The raw setup is the best Ethereum has shown since the correction began in October 2025. ETH is trading above its MA7 at $2,274, its MA14 at $2,195, and its MA30 at $2,148 — a clean moving average stack that has not appeared once during the entire bear phase. The 47.5% rally from the 52-week low of $1,576.52 to current levels represents the most sustained recovery move this year. But the on-chain data, the 4-hour chart structure, and the ETF flow divergence all inject genuine caution into what the price alone suggests. Measured optimism is the only defensible posture here — not outright conviction, and certainly not the kind of confidence the Tuesday open inspired before the same $2,414 resistance wall did what it has done before.
The Iran Whipsaw: How a Naval Blockade and a Fox Business Interview Moved ETH 12% in 48 Hours
Monday's 4.1% drop and Tuesday's 8% reversal are not random volatility. They are the clearest demonstration yet of how directly ETH-USD is trading as a geopolitical risk barometer in the absence of crypto-specific catalysts. When the US military confirmed the Strait of Hormuz blockade was fully operational, Ethereum fell. When Trump told Fox Business the Iran war "can be over very soon" and suggested talks could resume in Pakistan within days, ETH opened 8% higher. Bitcoin touched $74,900 on the same Tuesday session. The total crypto market cap pushed toward $2.6 trillion. This was not a single-asset move — it was a system-wide repricing tied entirely to one geopolitical signal.
That distinction matters for durability.

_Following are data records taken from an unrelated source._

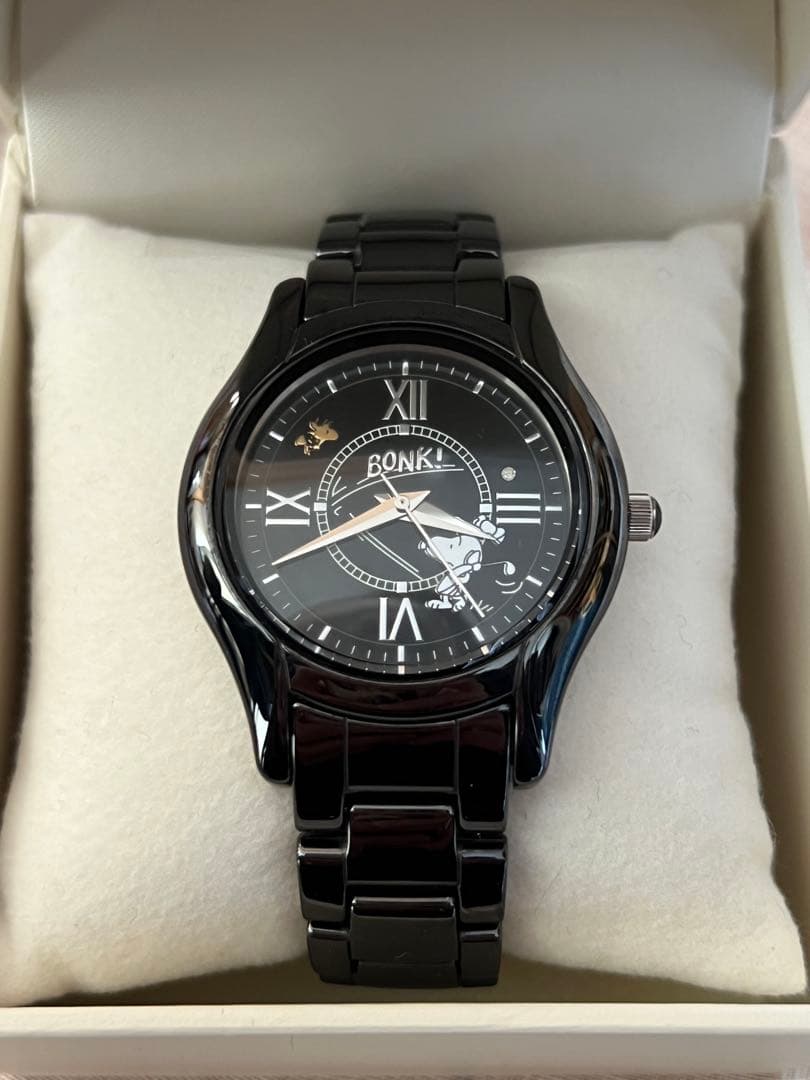 【限定2000個】SNOOPY スヌーピー 幸せのナイスショット 天然ダイヤ入り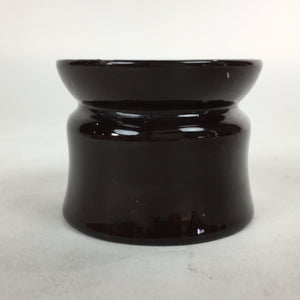 Japanese Buddhist Altar Fitting Vtg Lacquer Buddhist Rine Offering Cup Stand BU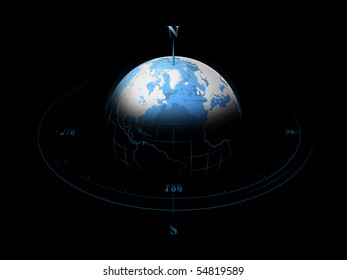 compass like the Earth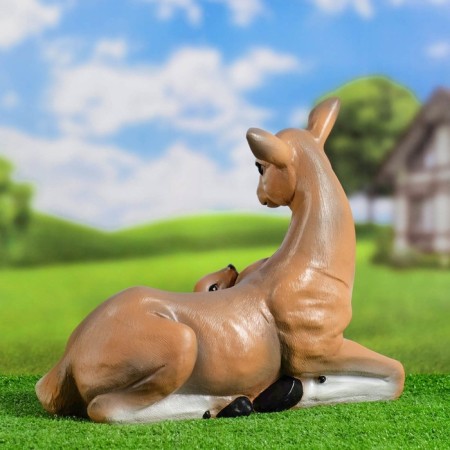 Garden figure "Deer with a deer" of gypsum good souvenirs, 39 cm, medium, brown-2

When Ethereum rallies alone, it often reflects a short squeeze or a protocol-specific catalyst with limited shelf life. When the entire digital asset complex moves together — ETH, BTC-USD, XRP, altcoins broadly — it reflects genuine improvement in risk appetite, the kind that historically has more staying power than isolated moves. Tuesday qualified as the latter. Wednesday's modest pullback to $2,325 is consolidation, not reversal — provided $2,302 holds as the intraday support floor and the ascending trendline from the February lows near $2,000 remains intact.

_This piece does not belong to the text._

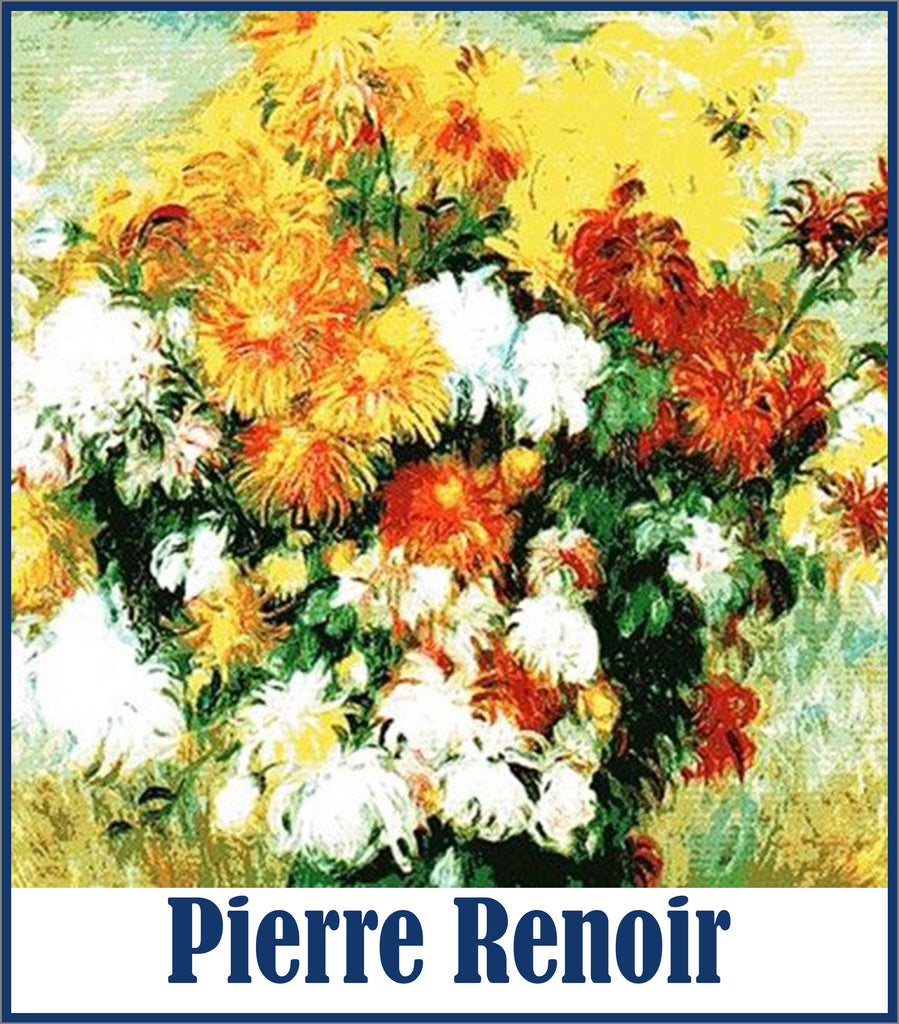 PIERRE AUGUSTE RENOIR INSPIRED Counted Cross Stitch Charts Patterns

Since the Iran war began, Ethereum has gained 20.2% while Bitcoin (BTC-USD) has gained 12.3%. That outperformance is worth examining carefully. It runs counter to the standard risk-hierarchy narrative in which ETH underperforms BTC during macro stress. The divergence suggests that something specific to Ethereum — whether the Glamsterdam upgrade anticipation, ETF inflow momentum, or CLARITY Act positioning — is adding a layer of demand beyond pure geopolitical safe-haven rotation.

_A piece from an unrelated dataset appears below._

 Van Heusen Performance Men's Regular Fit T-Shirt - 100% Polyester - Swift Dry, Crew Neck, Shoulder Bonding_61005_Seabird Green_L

ETH-USD Technical Structure: The $2,414 Wall, the Channel Break, and What the Daily RSI Is Actually Saying
The daily chart is doing something it has not done in six months. ETH-USD is breaking above both the upper boundary of the long-term descending channel that has contained price action since October 2025 and the 100-day moving average simultaneously. Those two levels were the ceiling for half a year. A sustained close above both — and the emphasis is on sustained, because a single-session spike means nothing here — would mark the most significant structural inflection since the downtrend began.
The daily RSI is trending into the high-50s to low-60s, which is the technically ideal zone for a breakout. It signals genuine improving momentum without the overbought readings that preceded every failed rally attempt during the bear phase. An RSI that reaches 70+ during a breakout attempt typically means the move is exhausted before it can build the consolidation needed for continuation. The current reading avoids that trap — for now.
The 4-hour chart is more cautious and deserves equal weight. ETH attempted to push through $2,414 on Tuesday and initially appeared to be a clean break. The RSI on the 4-hour reached overbought territory above the 70 threshold and the price reversed, printing what technical analysts recognize as a spike-and-reject pattern from a well-tested supply zone. This is the second time in recent months that ETH-USD has tagged $2,414 with an overbought 4-hour RSI and failed to close above it. Two rejections from the same level on the same technical condition is a pattern, not coincidence.
The ascending trendline from the February lows near $2,000 remains intact and continues to provide a rising floor beneath the price. A pullback toward that trendline — which would bring ETH into the $2,200–$2,250 range — that holds and bounces with cooling momentum would be a far more convincing bull signal than the spike-and-reject structure seen Tuesday. A clean daily close above $2,414 on normalized volume is the trigger that legitimizes the move. Until that close appears, the technical picture is constructive but unconfirmed.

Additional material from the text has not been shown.